More than sacred scriptures, most folk music has been constantly retooled and adapted by each successive individual performer. The greatest pieces were cross-generational works in progress (e.g., The Iliad‘s being seven hundred-plus years in the making).

The first recordings essentially caught improvisations that arbitrarily became benchmarks, snapshots stolen from an epic film, that was then disrupted violently, damming up its stream, mid-narrative. And, those pictures will inevitably be, in the first place, blurry ones, for they are capturing something elusive and in motion, much like the ambiguous images offered as evidence of UFOs or Loch Ness mon­ster sightings.

Art is designed to reveal, not to show us what we already see and know. Yet, the gigantic copying machine that is the music industry, by necessity, thrives on repetition. And when a system ceases changing, it has become a cadaver.
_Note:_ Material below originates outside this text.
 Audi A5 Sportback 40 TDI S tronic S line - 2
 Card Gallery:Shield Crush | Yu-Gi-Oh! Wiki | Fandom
A psychological appeal of fixing something vaporous into a physical state is that it appeases people’s fear of their own impermanence. But one hundred years from now — if we have even survived as a species — no one but the most erudite will know or care who sang “Sexual Healing” or “Every Breath You Take” or the like. But the sturdiest songs — the most unshakable melodies, a lyrical bit that hooks listeners’ psyches — will have lived on in some altered and evolving form, liberated from celebrity.


Excerpted with permission from How Music Dies (Or Lives)Field Recording and the Battle for Democracy in the Arts by Ian Brennan. Copyright 2016, Allworth Press, an imprint of Skyhorse Publishing, Inc.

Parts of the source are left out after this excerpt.